Speaking of her father's temper and occasional use of violence, Jeanne made quite a few references. She said that

people say that the Johns are the aggressive ones, but it was really the Prices. She described Sally Price, her grandmother, as the fiery one, whereas the Johns family were gentle. For example, a person who came out to the house to survey the property referred to Vernon Johns by his first name. But, since Vernon was seventeen years old, Sallie Johns thought that the man should have referred to him as Mr. Johns. So she tied the surveyor to a chair to make sure that he was able to apologize to Vernon Johns when Vernon came home.

Jeanne added that her father "did not use that much violence. He mostly responded verbally. But if he put his bottom lip out, there was trouble coming." She provided an example. "We were driving through Mississippi and stopped at a stop light. Some white Mississippi teenager pulled up in a car and called my father ‘boy.' My father jumped out and had the boy up on the roof of the car and made him apologize." She said "My father was so bodacious that he shocked white people. They thought of him as a crazy nigger. There he goes again they would say."

One day Henry Powell found Vernon Johns in a pigpen which was very close to the store and Vernon was beating a pig. Vernon told Henry "This pig (laughter) wont stay in the pigpen and I'm trying to teach him that the grass isn't always greener on the other side of the fence." After finishing talking with Henry, Vernon picked up his club and started beating the pig again.
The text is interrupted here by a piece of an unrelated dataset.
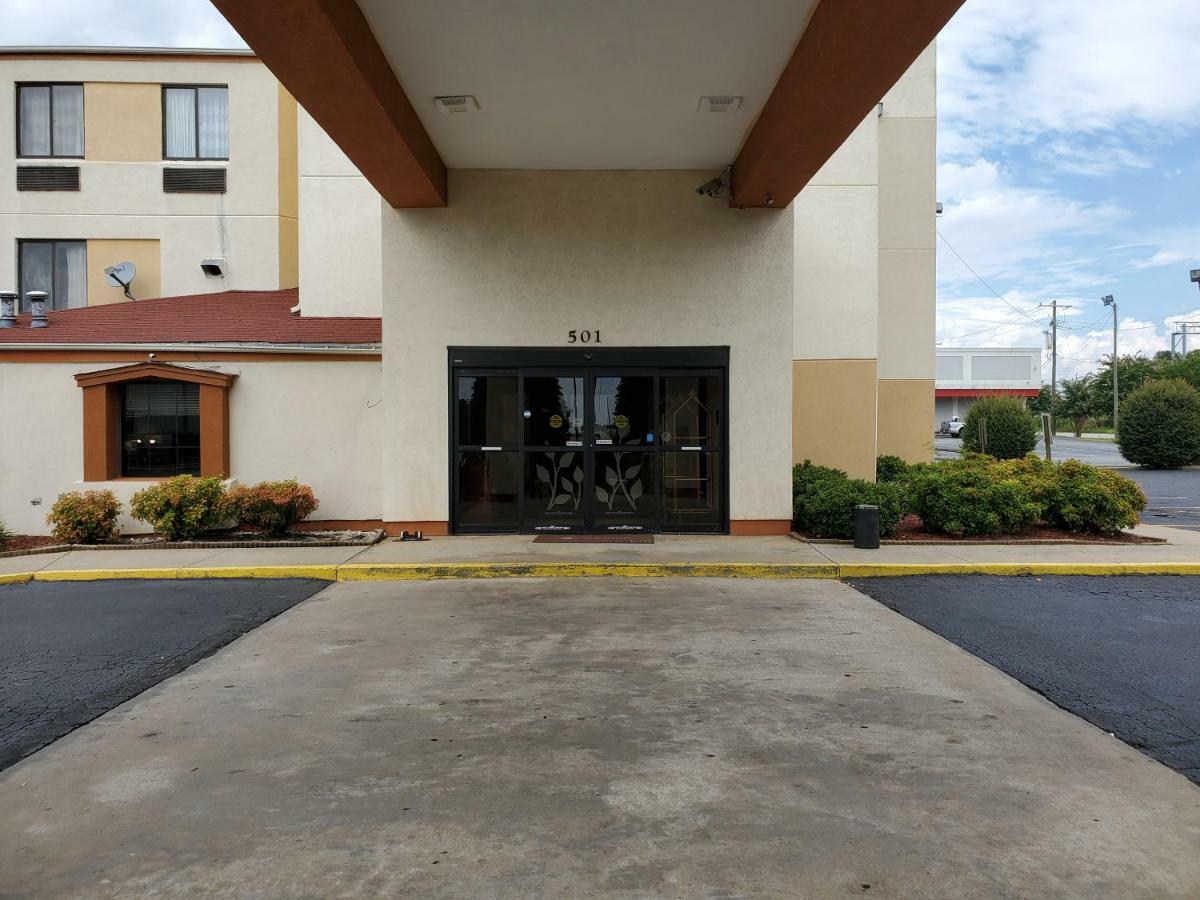 Sleep Inn Spartanburg Bagian luar foto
On another occasion Vernon Johns and a pig were in a big iron tank. Henry asked about the pig and Vernon replied "Oh, him. He's in hell. (Laughter.)" Henry added, "I think of him with a great deal of fondness. I can just hear him laughing."

Jeanne said that her mother was the one who really took care of the family economically after Vernon Johns left the presidency of Virginia Seminary. Whatever her father brought in financially she used as bonus money. But Jeanne added vehemently that "We were not poor. We had pocket change. We didn't have the fur coats and cars like the other kids, but who did they come to when they were having trouble with their homework? We had the mind."
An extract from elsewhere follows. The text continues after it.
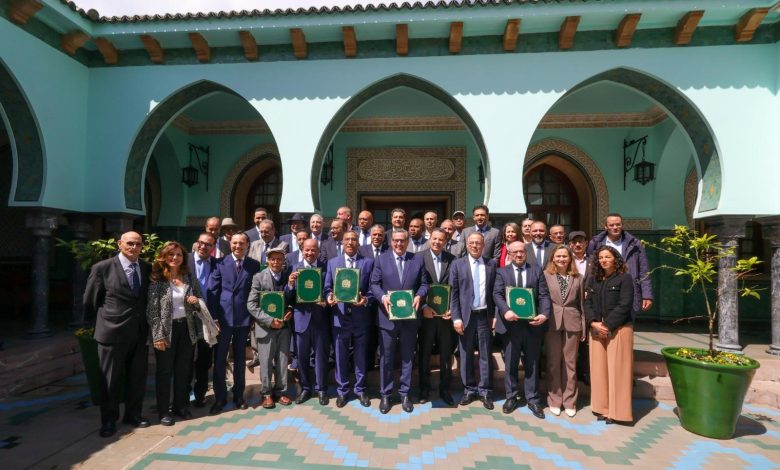 Photo of الحوار الإجتماعي..رئيس الحكومة يشرف على توقيع إتفاق جولة أبريل 2024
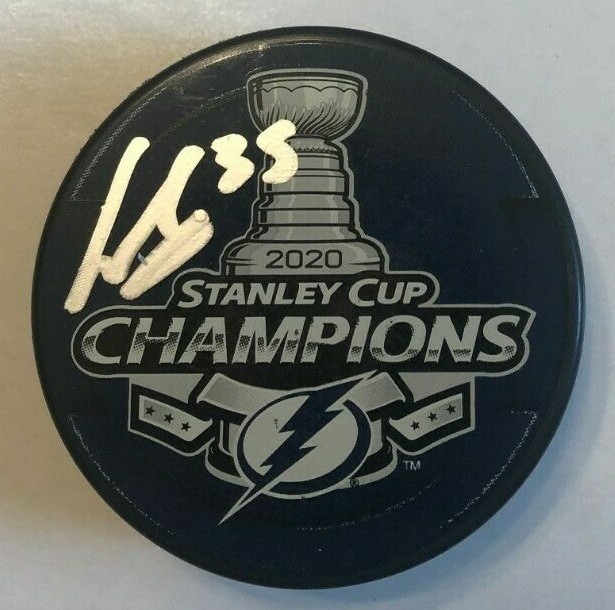 CURTIS MCELHINNEY SIGNED 2020 STANLEY CUP PUCK W/ CASE TAMPA BAY LIGHTNING COA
Jeanne agrees with many others that Vernon Johns was not a good businessman. "He dispensed knowledge more than he dispensed goods." Once a fellow preacher bought some bad cantaloupes and then complained about them to Vernon Johns. "O.K. When I say my prayers I'll tell the maker of the cantaloupes." From all his business efforts, her father just made pocket change. "But that wasn't the point. It was to show entrepreneurship. Dad thought blacks were parasites. Blacks could not last one hour on what they actually produced."

Asked if her father was a good farmer, she said "He liked to stand back in the shade and give orders."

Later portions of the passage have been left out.